6. Les citoyens ordinaires peuvent être réticents à signaler
des soupçons d’abus parce qu’ils ne veulent pas s’immiscer dans
la vie de famille d’autrui, parce qu’ils craignent que leur identité
ne soit découverte par l’auteur présumé d’abus ou, simplement, parce
qu’ils pensent que leur signalement ne sera pas suivi d’effet ou
risque d’entraîner une «revictimisation» de l’enfant.
7. L’Assemblée note que le signalement d’abus sexuels commis
sur des enfants présente des complications supplémentaires en raison
de la difficulté à les déceler, car, contrairement aux abus physiques, ils
n’impliquent pas toujours un contact corporel ou un préjudice physique.

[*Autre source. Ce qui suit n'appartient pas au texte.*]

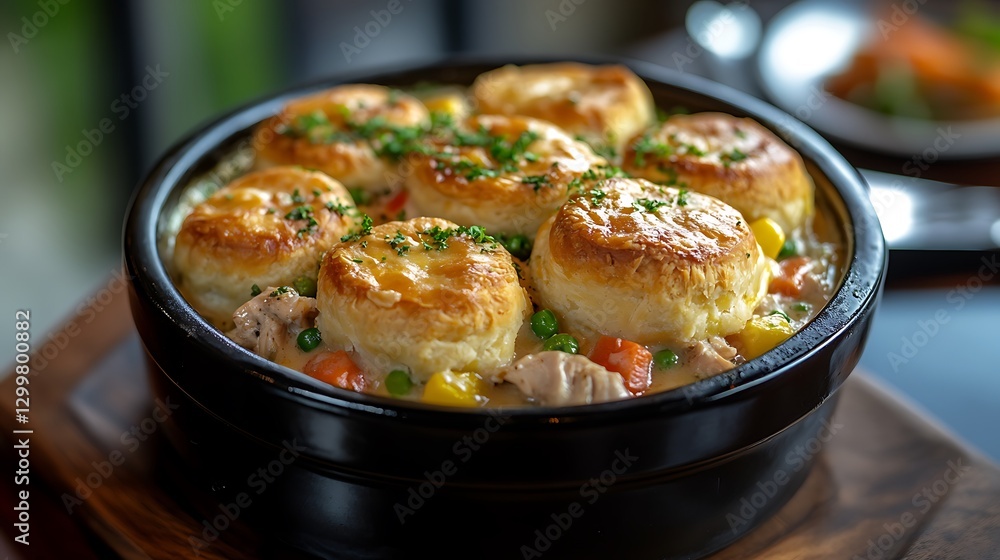 Delicious Savory Chicken Pot Pie Topped With Flaky Biscuits Delicious Savory Chicken Pot Pie Topped With Flaky Biscuits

Elle constate également qu’il est rare que les enfants profèrent
de fausses allégations d’abus sexuels. Il est de ce fait crucial,
pour les professionnels travaillant auprès d’enfants, d’apprendre
à reconnaître tout changement de comportement ou psychologique susceptible
de résulter d’un abus sexuel, à reconnaître les éventuelles allégations
de tels actes formulées par les enfants eux-mêmes et à réagir correctement
à de telles allégations.
8. Compte tenu de ce qui précède et indépendamment du système
de signalement en place au niveau national, l’Assemblée invite les
Etats membres du Conseil de l’Europe à créer un cadre qui encourage l’ensemble
des professionnels travaillant auprès d’enfants et tous les citoyens
à signaler les soupçons d’abus sexuels. A cette fin, les Etats membres
devraient:
8.1. organiser des campagnes
d’information visant à sensibiliser davantage le public à la nature
et à l’ampleur des abus sexuels commis sur des enfants, et à leurs
conséquences pour les victimes et la société dans son ensemble;
ces campagnes devraient également donner une ligne directrice sur
la conduite à tenir en cas de soupçons de tels abus;
8.2. permettre aux professionnels de repérer et d’aider convenablement
les enfants victimes d’abus sexuels, et les motiver à assumer le
rôle qui leur incombe d’intervenir dans les situations d’abus:
8.2.1. en incluant dans leur cursus la question des abus sexuels
sur enfants, en particulier pour les professionnels des secteurs
de la santé et de l’éducation, ainsi que pour les entraîneurs sportifs;
8.2.2. en élaborant des formations spécifiques et des programmes
de formation continue sur le thème de l’abus sexuel commis sur des
enfants, y compris sur le cadre juridique pertinent;
8.2.3. en encourageant les professionnels eux-mêmes à mettre
en place des règles de signalement à suivre en cas de soupçons d’abus
sexuels sur un enfant;
8.3. renforcer la confiance dans le système de protection de
l’enfance en veillant à ce que:
8.3.1. les signalements
de soupçons d’abus sexuels fassent l’objet d’enquêtes et de poursuites
rapides, équitables et effectives;
8.3.2. l’enquête et le processus judiciaire éventuellement engagés
à la suite du signalement soient menés d’une manière adaptée à l’enfant,
sans exposer l’enfant victime à d’autres préjudices;
8.3.3. le retrait d’un enfant de sa famille par suite d’un signalement
reste une mesure exceptionnelle;
8.3.4. dans la mesure du possible, l’auteur du signalement soit
tenu informé;
8.4. assurer la protection juridique des personnes qui signalent
en toute bonne foi des soupçons d’abus sexuels sur enfants:
8.4.1. en limitant le devoir de confidentialité des professionnels
dans de telles circonstances;
8.4.2. en adoptant des règles visant à protéger l’identité des
auteurs de signalement.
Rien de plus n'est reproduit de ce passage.